Chirashi
Recipe by: Chef Looverville Quino
- is an enthusiast of food and travel
- is a fan of “The Alchemist” and “The Little Prince”
- loves the sun and everything under it.
you can catch chef loove via email: looverville@gmail.com
The word chirashi means “scattered “in Japanese. A delicately flavored sushi rice with an assortment of toppings in delightful color. We’re sharing our own version of it; of course, there is always room for you to add your personal touch and choice of seafood, fruits and vegetables. Explain By Chef Looverville Quino.
What you need:
• 2 pcs. Tiger prawn cleaned and deveined
• 2 pcs. Crabstick
• 2 tablespoon tempura crispies
• 1 tablespoon flying fish roe
• 1 tablespoon chopped spring onion
• 1 ½ tablespoon teriyaki sauce
• 3 tablespoon spicy mayonnaise (see recipe)
• oil for deep frying
• sesame seeds
• flour
• tempura batter (see recipe)
• 1 cup sushi rice (see recipe)
Method:
-Heat oil to 180⁰C.
-Sprinkle prawns and crabsticks with flour. Dredge in tempura batter and deep fry until brown and crisp.

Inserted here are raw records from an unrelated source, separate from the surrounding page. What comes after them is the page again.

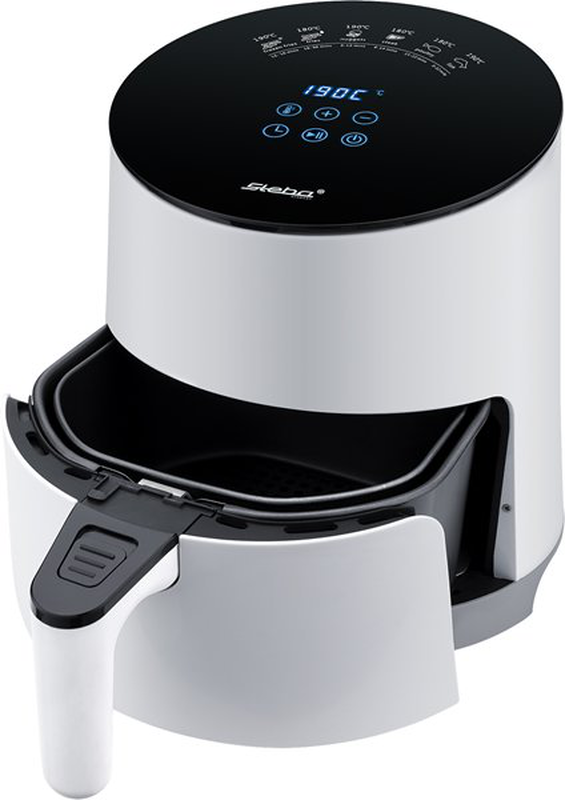 Steba Air fryer 3.5l black hf 1000, , medium-null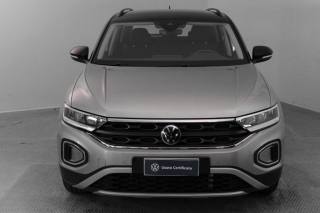 VOLKSWAGEN T-Roc usata, con Airbag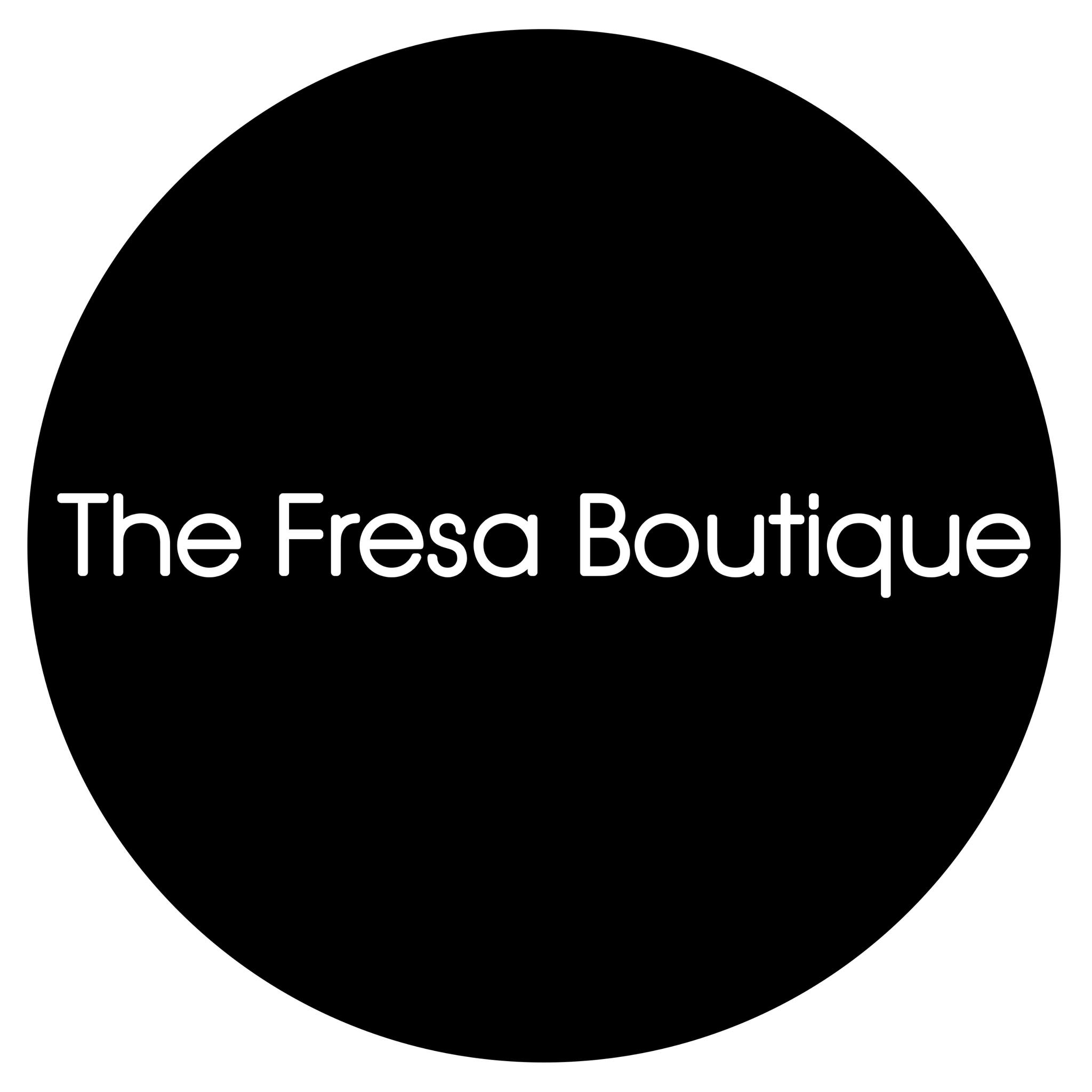 La Fresa Boutique Logo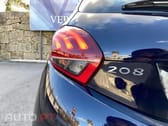 Peugeot 208 1.5 BlueHDi Active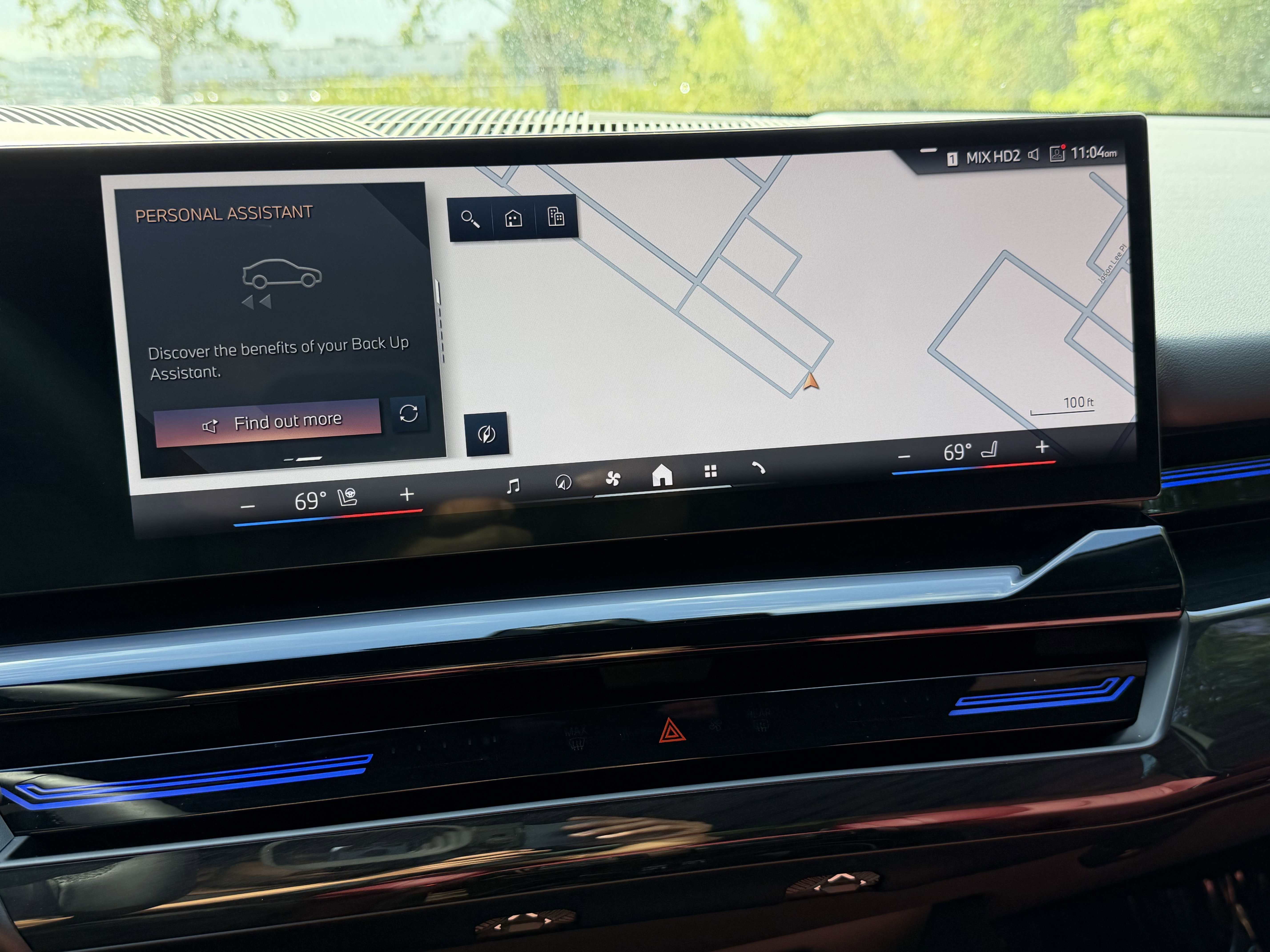 Used 2026 BMW 530i w/ Premium Package image 37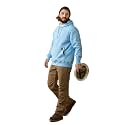 ARIAT Men's Rebar Graphic Hoodie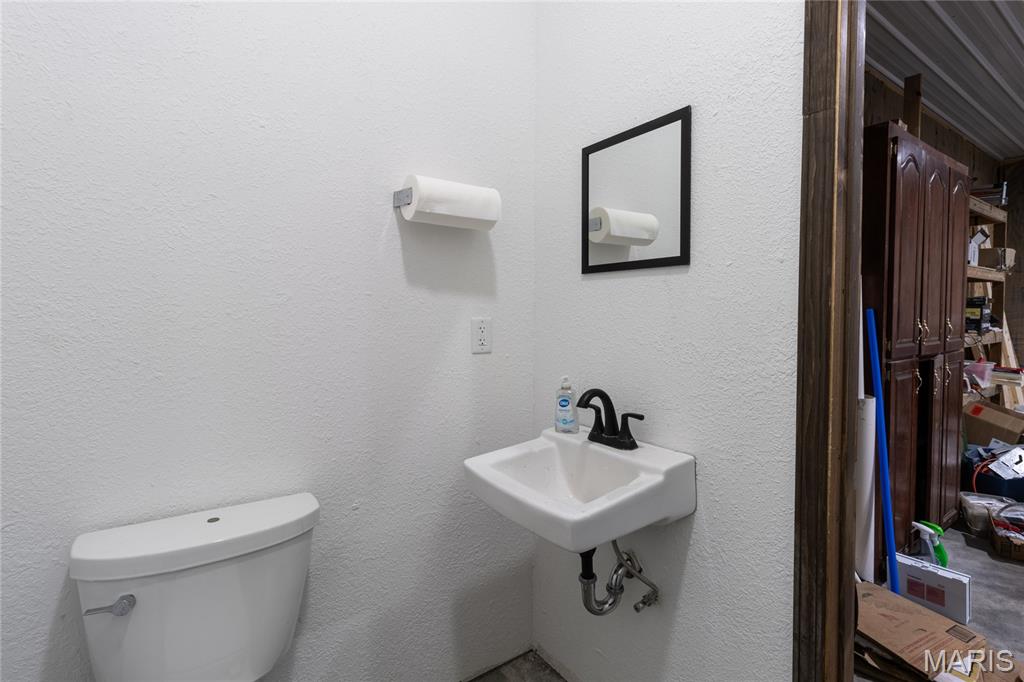 N/A - Commercial Sale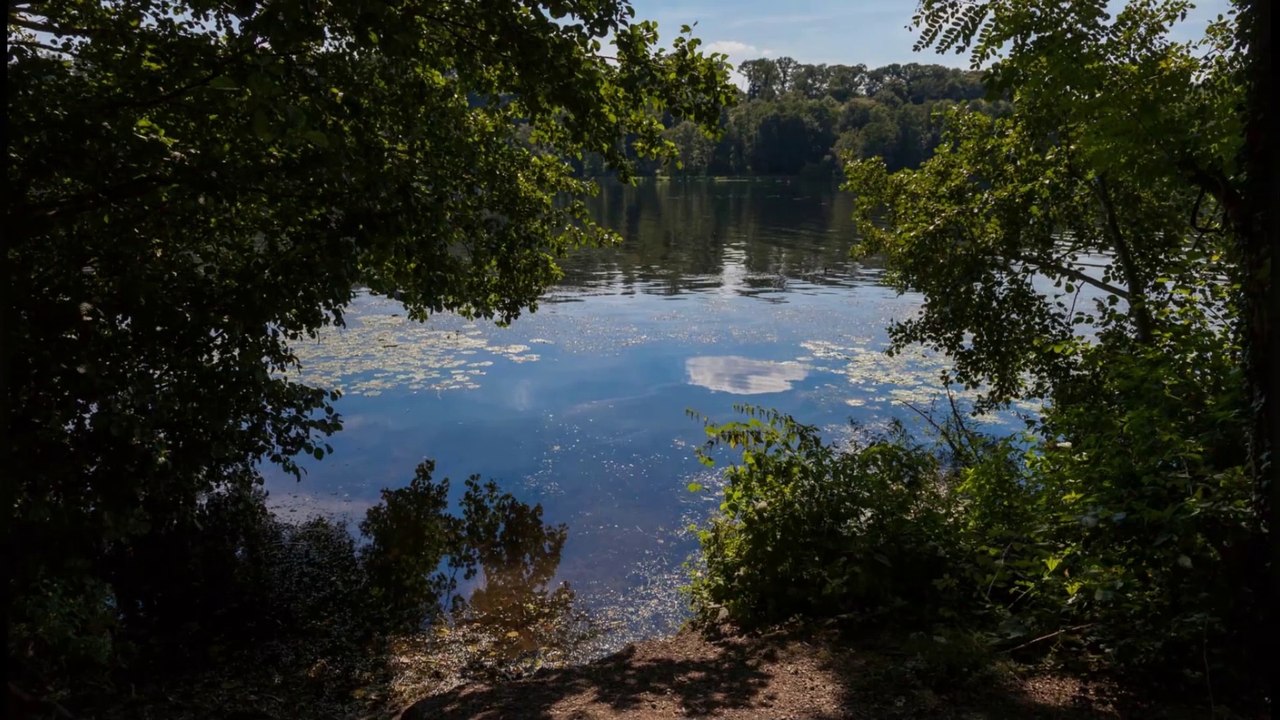 Von Kupferdreh nach Heisingen
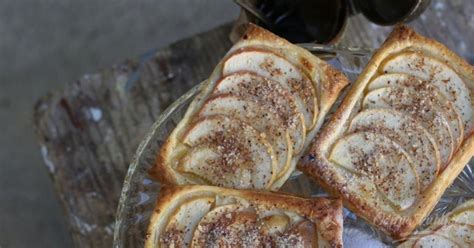 sestavine za jabolčno pito s kislo smetano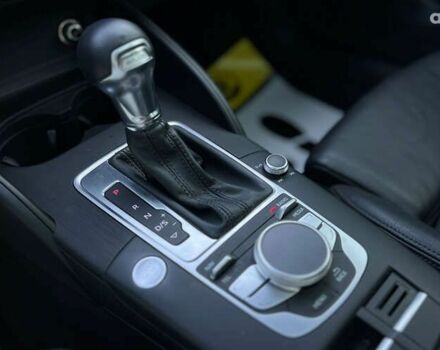 Ауді А3, об'ємом двигуна 0 л та пробігом 145 тис. км за 15300 $, фото 12 на Automoto.ua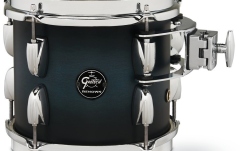 Tom Gretsch TT Renown Maple Satin Antique Blue Burst 8" x 7"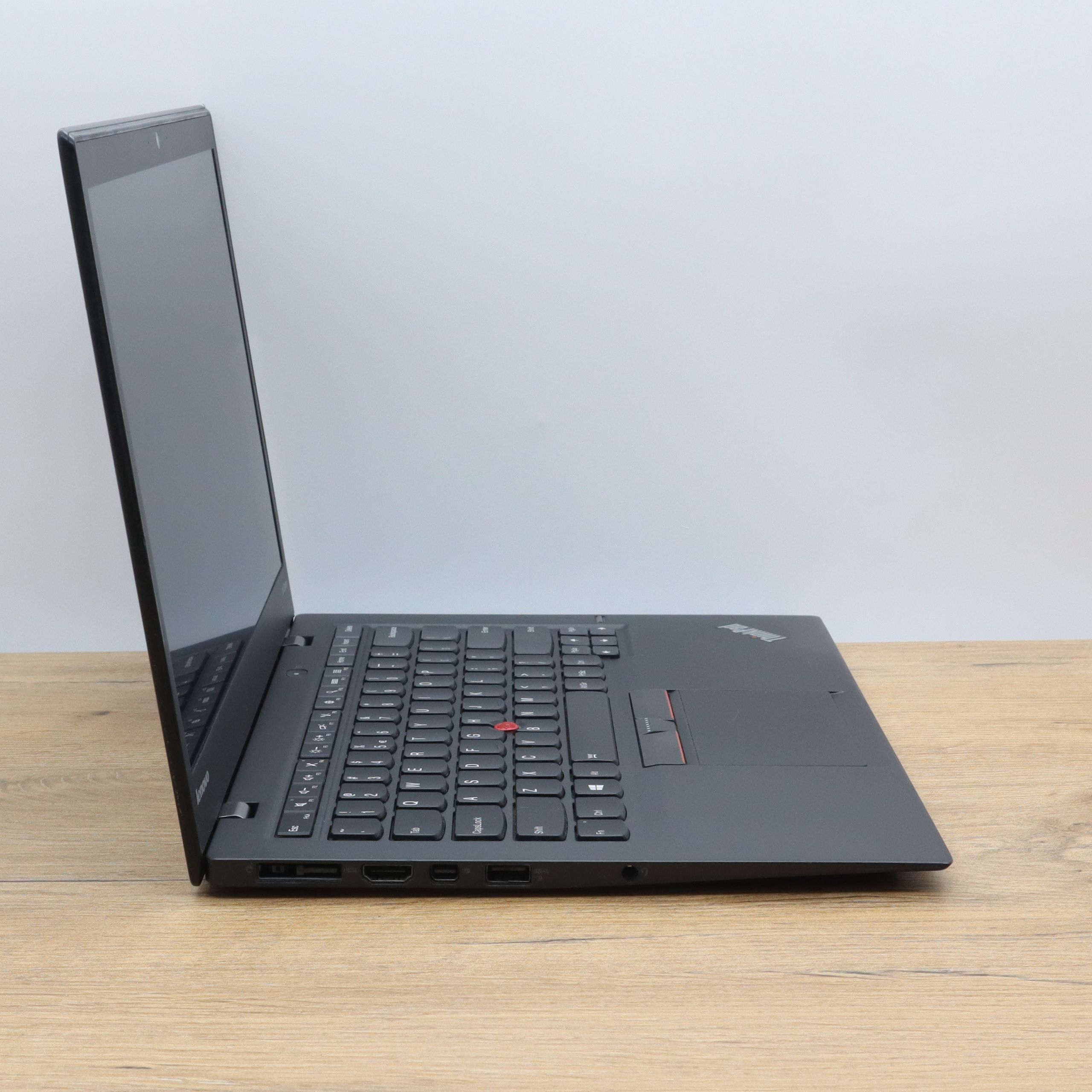Poleasingowy Laptop Lenovo Thinkpad X1 Carbon 3rd Gen i7-5600U 8GB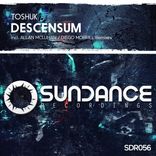 Artwork for "Descensum"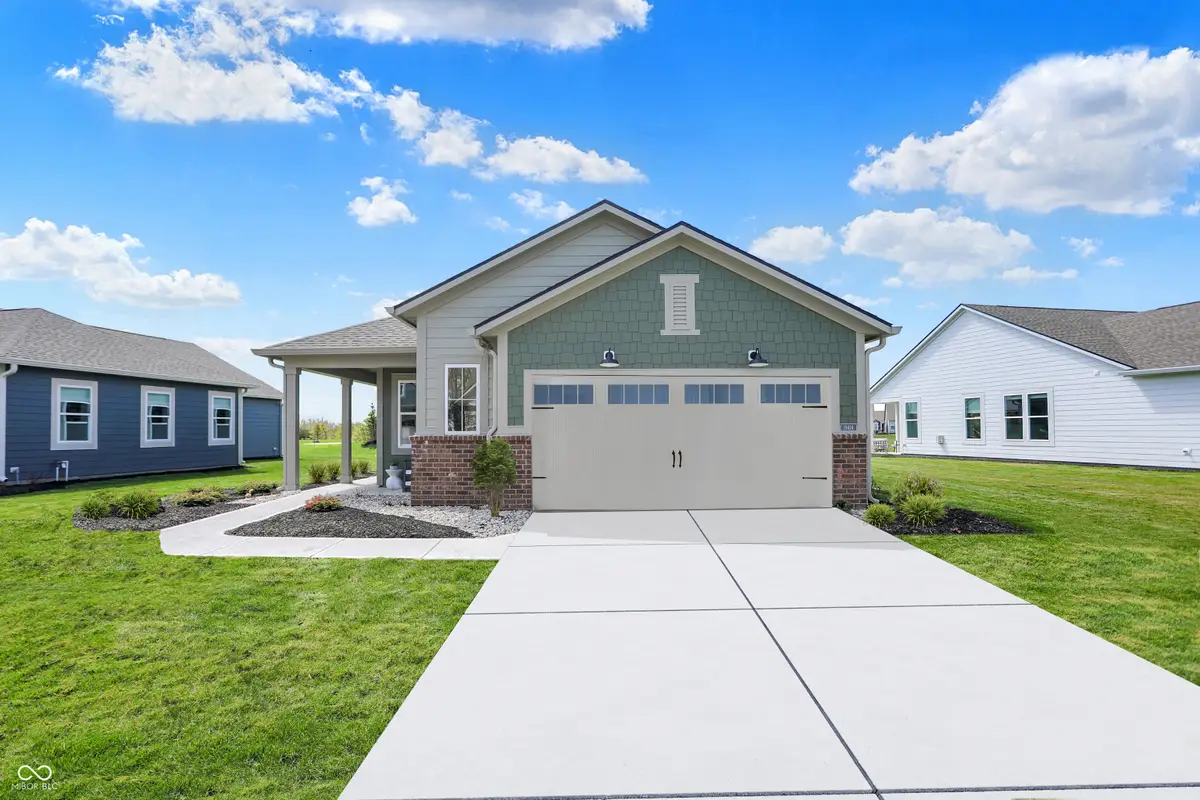19414 Sumrall Place, Westfield, IN 46074 - Image #1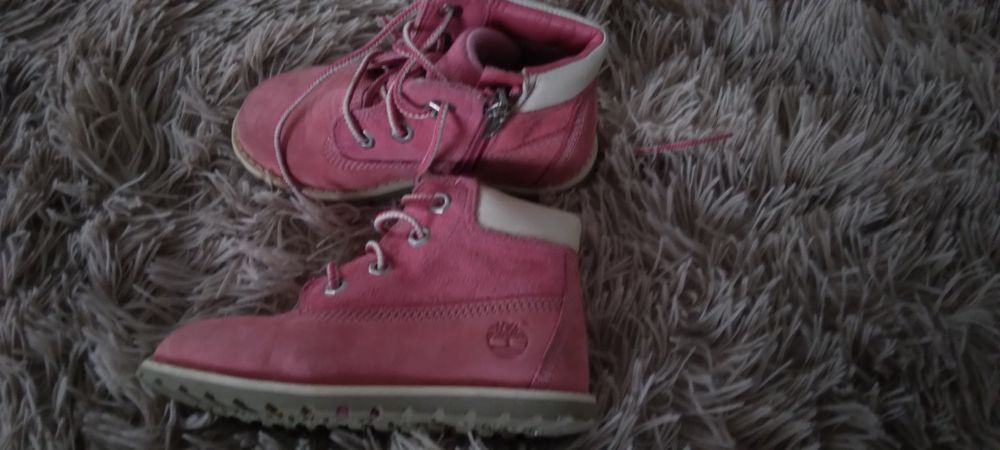 Ghete sport marimea 25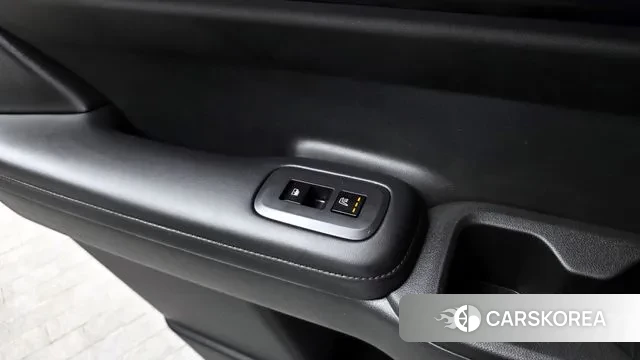 Hyundai Santa Fe (MX5) id 3751297 из Кореи 10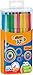 Produktbild BIC Kids 9225091 Fasermaler Visa, 20 Stück, 20-farbig sortiert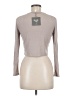 BLANK Tan Cardigan Size M - photo 2
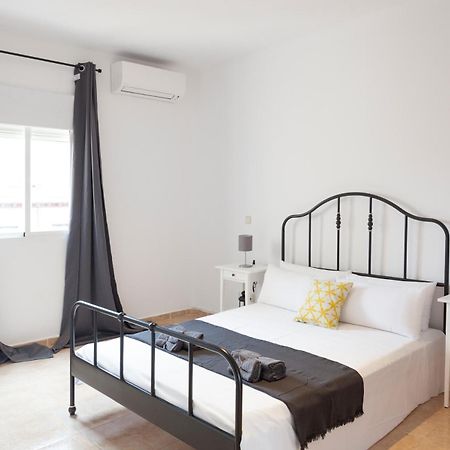 Boutique Apartments In The Heart Of Madrid Eksteriør bilde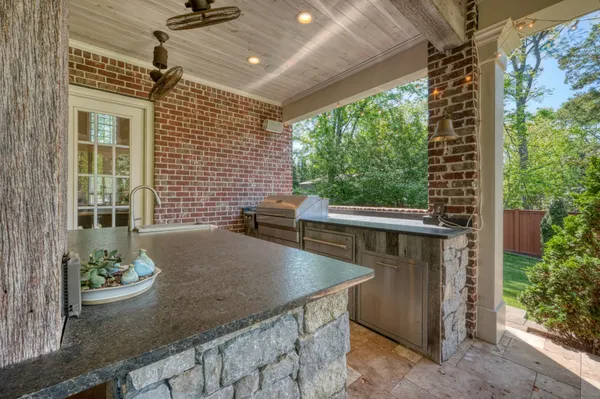 $3,495,000 | 107 Sturbridge Drive, Franklin, TN 37064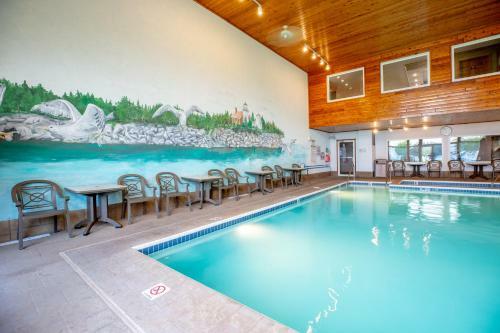 Hotel Westwood Shores Waterfront Resort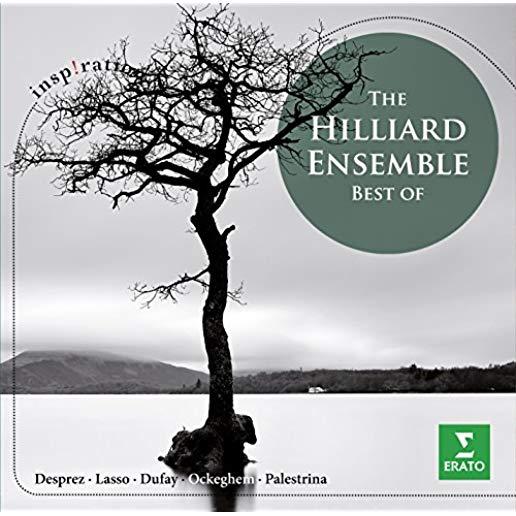 HILLIARD ENSEMBLE: BEST OF (ITA)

-Drain and chop into bite size pieces.
-In a plate, spread the sushi rice, top with the tempura crispies, chopped tempura prawn and crabstick, spring onions, and flying fish roe. -Drizzle with spicy mayonnaise and teriyaki sauce. Sprinkle with sesame seed.
Spicy mayonnaise
What you need:
• 1 cup regular Japanese mayonnaise
• ½ tablespoon chili oil
• ½ tablespoon chili powder
Mix chili powder and chili oil together until well blended. Add the Japanese mayonnaise until totally mixed.
Tempura batter
What you need:
• 1 liter iced water
• 1 pc egg yolk
• 3 cups tempura flour
Whisk egg yolk in iced water, add tempura flour and mix slowly until no more lumps
Sushi rice
What you need:
• 2 cups short grain rice
• 2 cups water Wash rice thoroughly.
Cook in rice cooker like regular rice until ready. Mix with sharry sauce.
Addt’l info:
Sushi was originally a way of preserving fish by early Japanese. It was later on that rice was added to improve fermentation. It comes in unlimited forms and sizes-bamboo rolled, hand rolled or molded.